Work to be completed: Exactly as they appear below, repeat the lines from the one with "Mocassin Homme Noir" through the one with "Bert Marsh, Spalted Kingwood Vase, 2001". Drop every picture.
*** Opening Provided material ***
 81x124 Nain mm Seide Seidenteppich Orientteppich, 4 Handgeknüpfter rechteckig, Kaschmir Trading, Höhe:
*** Closing Provided material ***
*** Opening Provided material ***
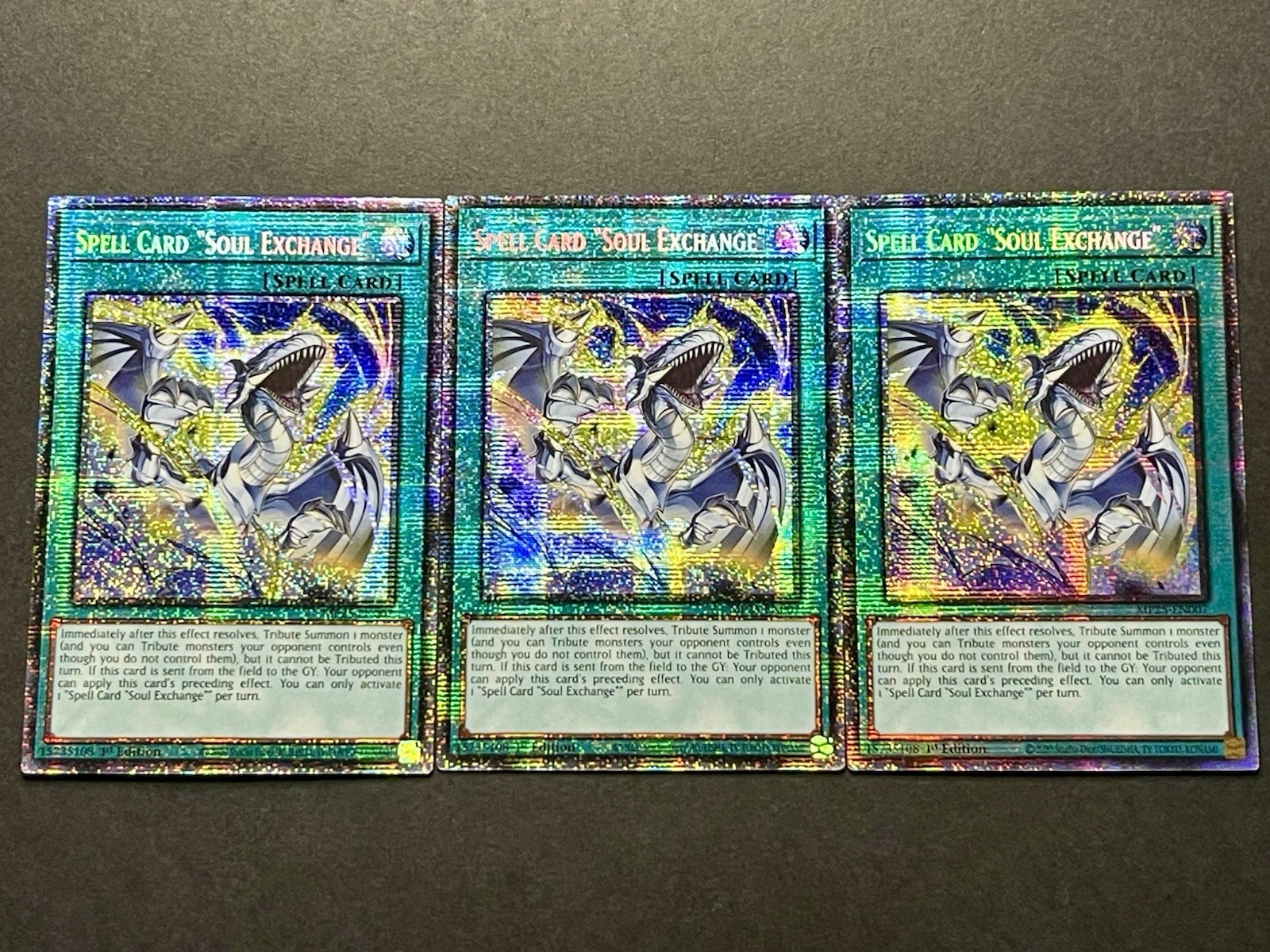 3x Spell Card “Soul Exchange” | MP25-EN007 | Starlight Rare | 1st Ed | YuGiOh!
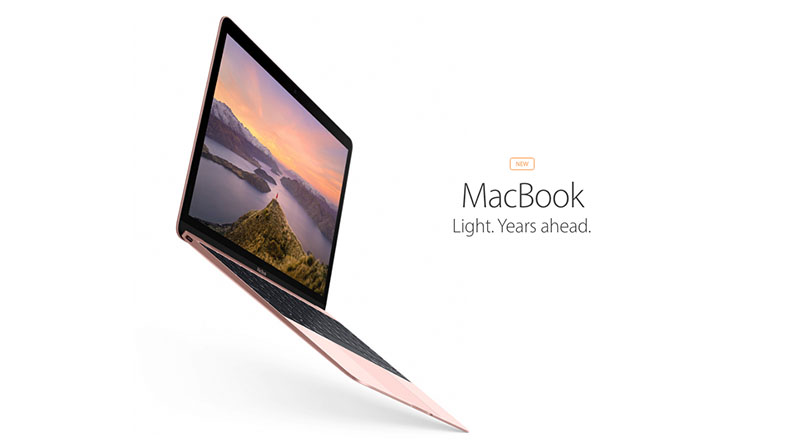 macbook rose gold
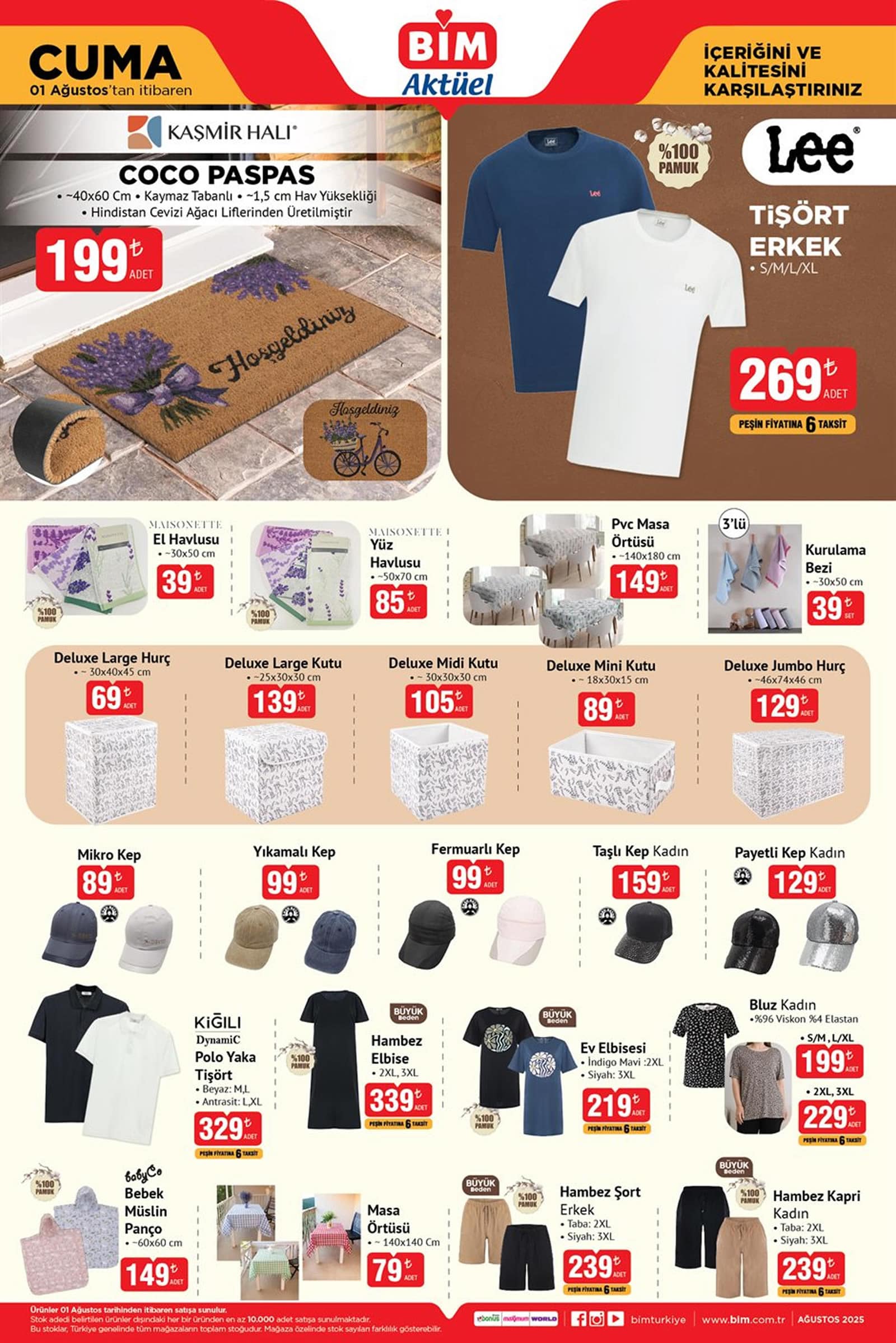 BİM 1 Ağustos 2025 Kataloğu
*** Closing Provided material ***
*** Opening Provided material ***
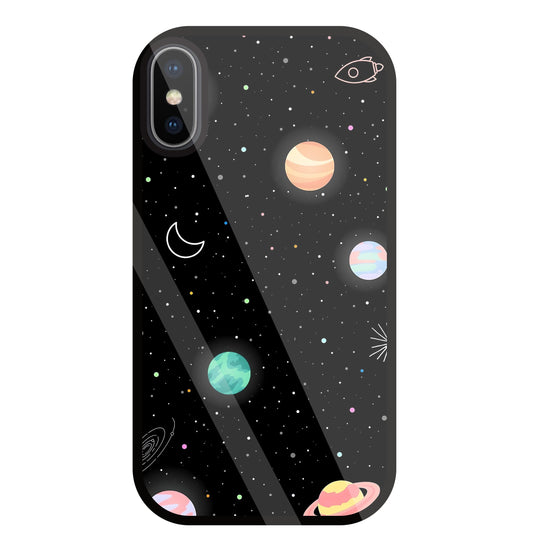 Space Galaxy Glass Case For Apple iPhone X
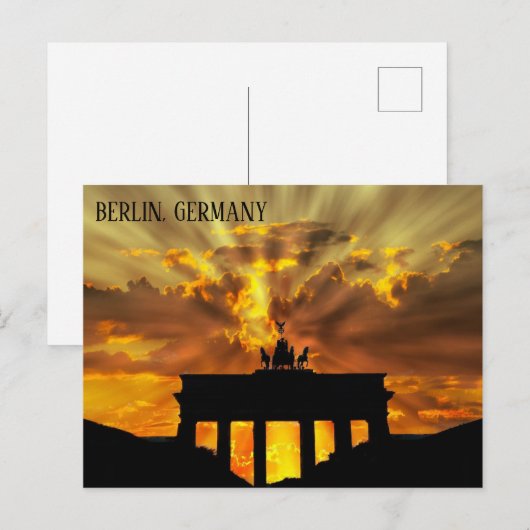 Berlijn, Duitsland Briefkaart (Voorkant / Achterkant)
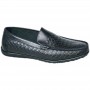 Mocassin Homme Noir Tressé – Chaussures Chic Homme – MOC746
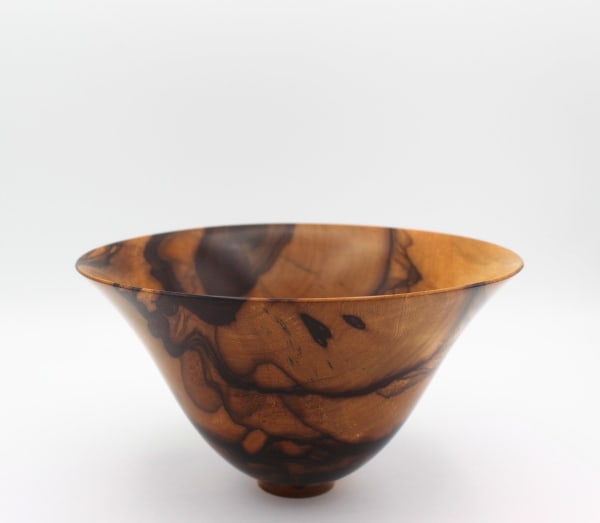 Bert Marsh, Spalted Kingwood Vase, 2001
*** Closing Provided material ***
Finished task:
 Mocassin Homme Noir Tressé – Chaussures Chic Homme – MOC746
 Bert Marsh, Spalted Kingwood Vase, 2001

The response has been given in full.